After expanding NextMe into the Chicago market, we gained meaningful insight into the challenges facing restaurant operators, investors, and brands looking to connect with diners. Here’s what we learned, and how we built around it.
The intent-to-execution gap
Restaurants are a viable target for both brands and agencies, and they also have strong potential for internal marketing. The problem isn’t ambition, it’s calibration.
Time and again, we’ve seen campaigns fall flat not because the idea was wrong, but because the incentive offered was mismatched with the effort required to receive it. Consumers are discerning, especially when food is involved. They don’t respond well to feeling low-balled, and they certainly won’t jump through hoops or opt into unwanted messages just to access an offer.

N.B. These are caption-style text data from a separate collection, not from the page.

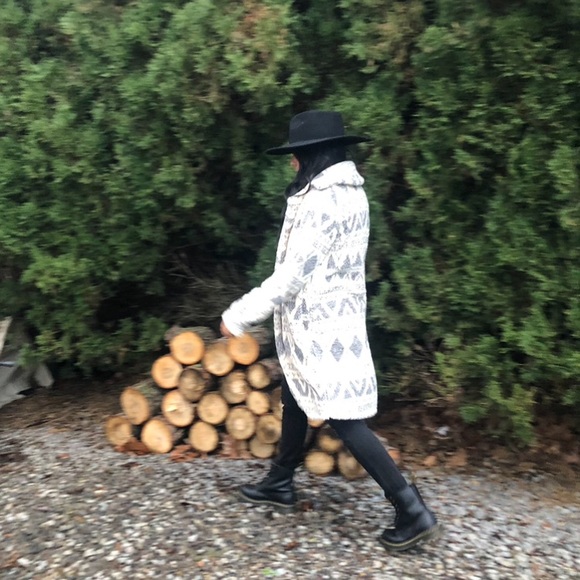 ☁️BILLABONG MONTREAL LONG LINE SHERPA JACKET☁️ - Picture 5 of 13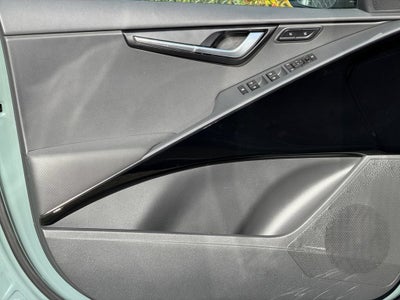 2025 Kia Niro SX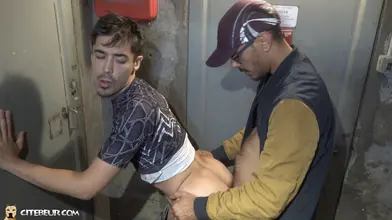 Va-et-vient sur tous tes spots chauds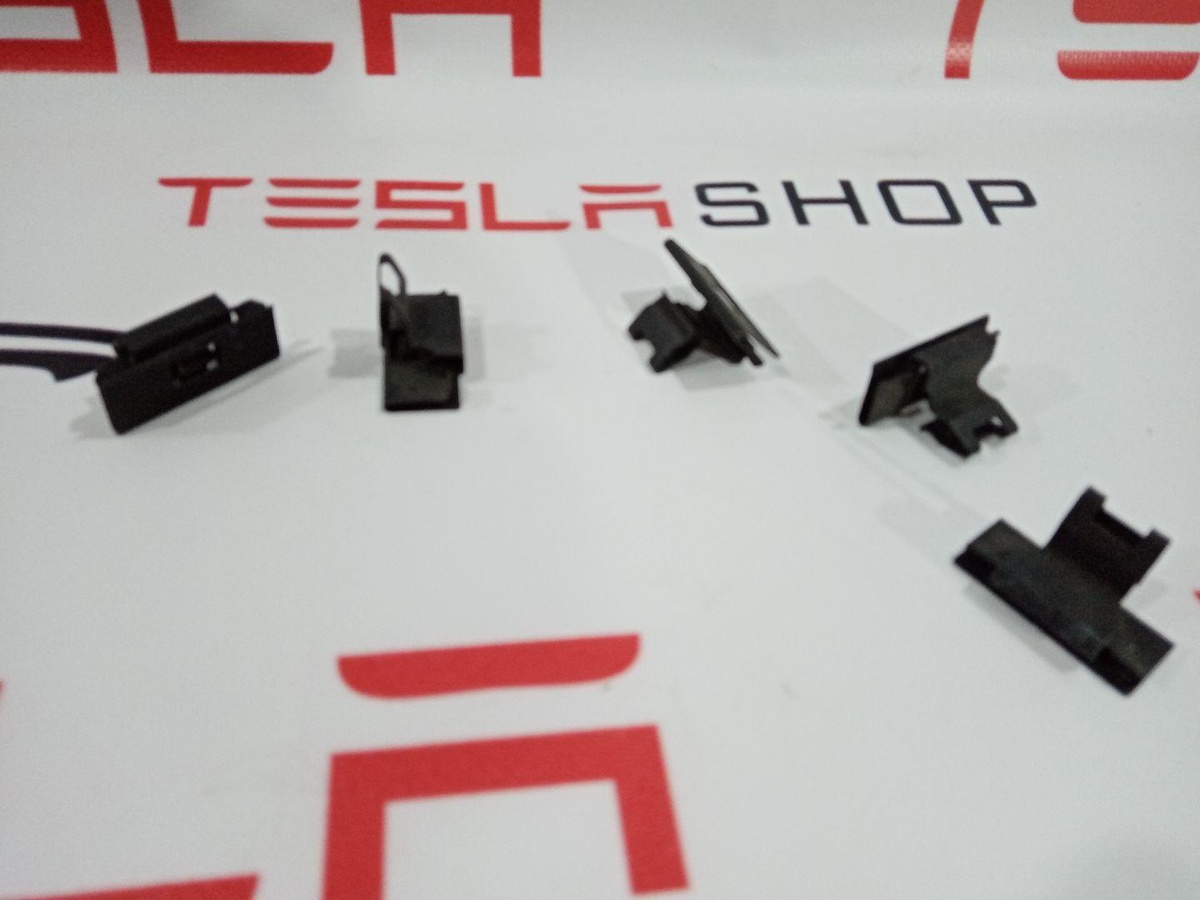 Клипса к Tesla Model S 2015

Context matters more than category
There’s also a tendency to make surface-level assumptions about restaurant audiences. A fast casual restaurant might not seem like an obvious fit for a premium brand at first glance but when you factor in cuisine type, price point, location, and customer demographics, a compelling and relevant strategy can absolutely emerge.

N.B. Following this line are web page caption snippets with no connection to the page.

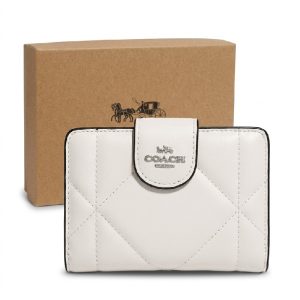COACH WOMEN’S GEOMETRIC QUILTED LEATHER MEDIUM CORNER ZIP WALLET IN CHALK – C3454
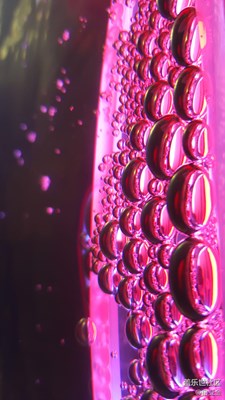 魚缸里的魚呼吸的泡泡拍攝出來的另類效果。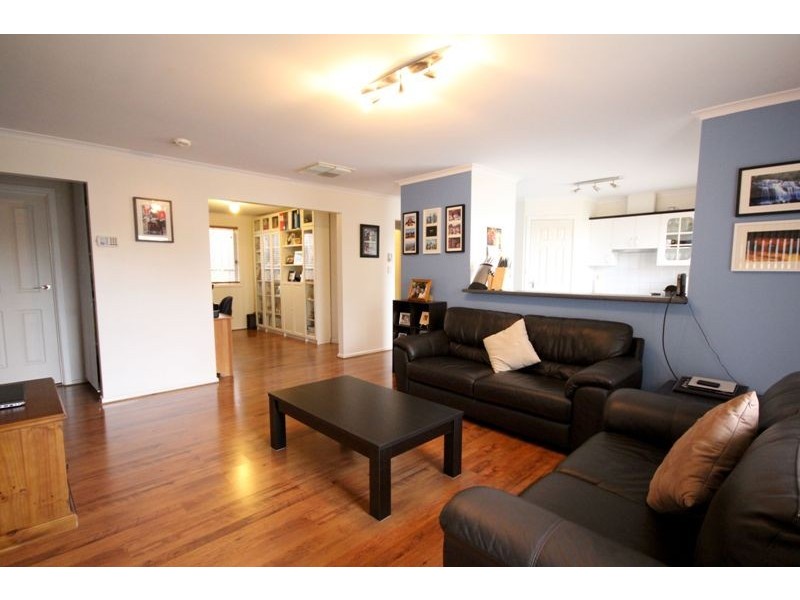 6 Gilchrist Close, Greenwith SA 5125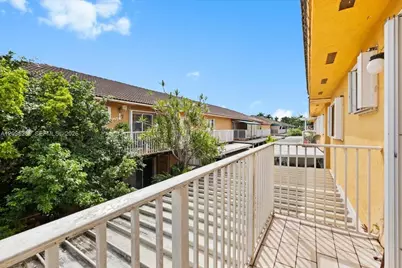 3554 W 80th St #202, Hialeah, FL 33018 - Photo 21
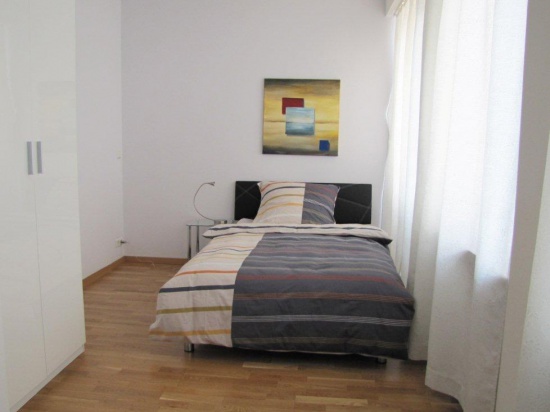 Helles Appartement in der Mathias-Iven-Straße in Saarbrücken 2.OG (wtl. Reinigung inkl.)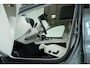 Volvo XC60 T8 Plug-in hybrid AWD Ultra Dark | Luchtvering | Nappa Lederen Bekleding | Stoel Massage | Stoelventilatie | Semi-Electrische Wegklapbare Trekhaak | 360° Parkeercamera | Parkeersensoren voor + achter | Parkeerverwarming |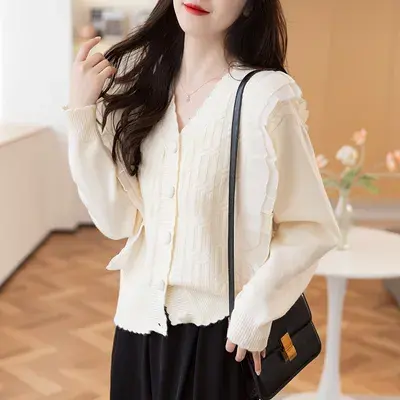 秋装2023年新款奶白色设计感针织开衫毛衣外套女小个子小香风上衣商品大图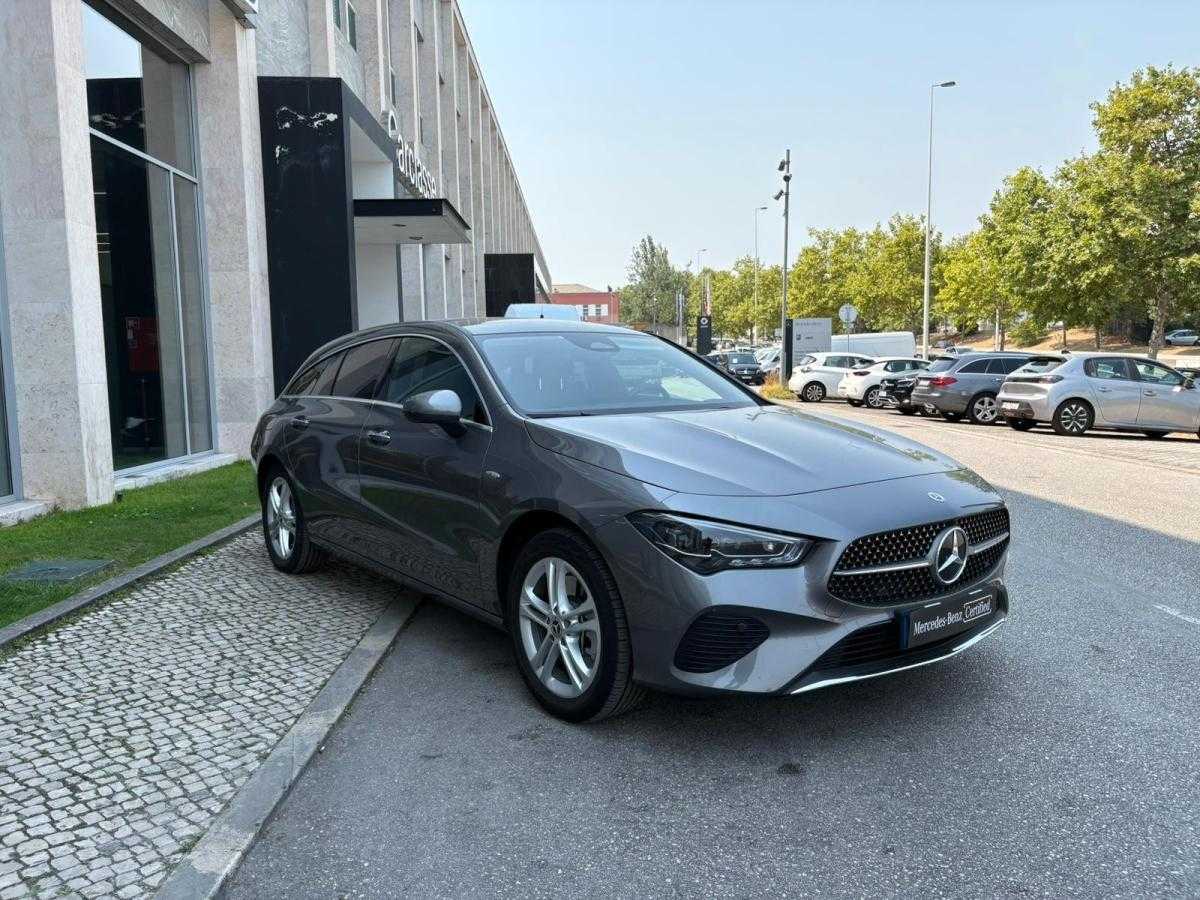 mercedes-benz-cla-2025-hibrido-a-gasolina-1332cc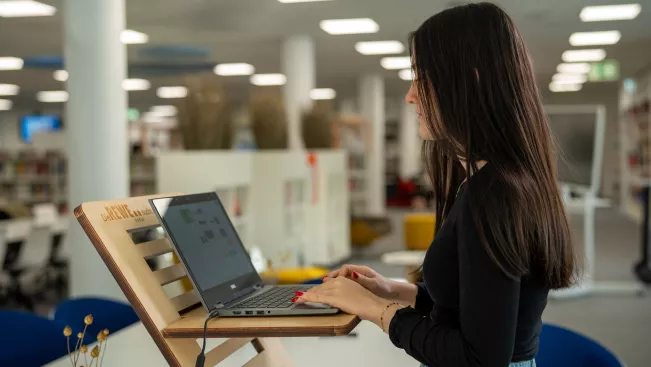 Am Laptop im Stehen arbeiten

The takeaway: successful restaurant marketing, whether internal or cross-brand, requires real research on both sides before a campaign ever launches.
The best moment to reach a diner
Here’s the insight that shaped our product direction: the best time to reach a restaurant patron is while they’re waiting.
Regardless of wait time or restaurant type, there is no moment when a diner is more focused on the restaurant, its menu, and its offerings than when they’re anticipating their table. That attention is valuable and largely untapped.
How NextMe puts this into practice
NextMe was built to solve the waitlist problem and unlock this marketing moment at the same time.
When a guest arrives, a host adds them to the digital waitlist using their name and phone number. No app download required. NextMe then sends the guest a text message with a personalized link to their virtual waiting room – a page that shows their real-time position in line alongside menus, specials, partner content, and more.
This means that by the time a guest sits down, they’re already familiar with the menu, aware of current promotions, and primed to engage. For restaurants, that translates to smoother service. For brands, it’s a rare opportunity to reach an actively engaged, contextually relevant audience.
We’ve invested heavily in making NextMe’s platform simple enough for any restaurant to activate internal campaigns with ease, while also building out the infrastructure that allows brands and agencies to pursue thoughtful, well-segmented targeting across our restaurant network.
The waiting room has always been wasted space. We think it’s time to change that.